TORONTO -- The Blue Jays recalled Rowdy Tellez from Triple-A Buffalo prior to Tuesday’s game at Rogers Centre and plan to give the first baseman another opportunity to prove himself down the stretch.
The 24-year-old opened the season with Toronto and appeared in 78 games, in which he hit 14 homers and drove in 40 runs. Manager Charlie Montoyo was more concerned with the numbers that support those counting stats, like Tellez’s .227 average and .280 on-base percentage.
“In the big leagues, they find your hole and they keep going at it,” Montoyo said. “He couldn’t make an adjustment with that, so it seemed like everybody was either [throwing] high fastballs or sliders in on him, and he was swinging and missing. He has to make an adjustment.”
Tellez adds another young face to the clubhouse for the Blue Jays, who recently lost Freddy Galvis on waivers to the Reds. At just 29 years old, Galvis doesn’t qualify as a grizzled veteran on most teams, but on this Blue Jays roster, he was exactly that. His departure can be directly tied to Tellez’s return as it opens up more at-bats on the infield and at DH.
It’s no longer a matter of transitioning to a younger roster. The youth has already arrived, with more waves to come, and they’re being fully deployed at nearly every spot on the diamond. That could mean a step back in reps for Justin Smoak, 32, who now exists as one of the lone holdovers from the Blue Jays’ rosters of two or three seasons ago.
“Rowdy’s probably going to play more than Smoak, if I have to guess right now,” Montoyo said. “You have seen that everybody gets to play.

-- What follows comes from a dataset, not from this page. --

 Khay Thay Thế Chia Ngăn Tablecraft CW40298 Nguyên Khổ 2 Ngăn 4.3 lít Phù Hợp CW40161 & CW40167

Smoak will still play, but I want to see Rowdy. I want to see what kinds of adjustments he made.”
Getting more specific, Tellez says that he’s adjusted his stance to be slightly more upright, which gets him back to the “normal” feeling he had in prior seasons. This came from a conversation with Buffalo hitting coach Corey Hart, who also helped Lourdes Gurriel Jr. and Teoscar Hernández, among others, rediscover their swings during demotions earlier this season.
Tellez believes that this will allow him to drive the ball to the opposite field on pitches that he was fouling off earlier in the season.
“I wasn’t playing very well. I wasn’t playing up to what I was supposed to be doing,” Tellez said. “They needed to do whatever they could to help the team win and that was an option they had to make. I accepted it and went down there with a positive mindset, the mindset that I needed to get better and improve on what I was doing. I was able to do that and get back up here.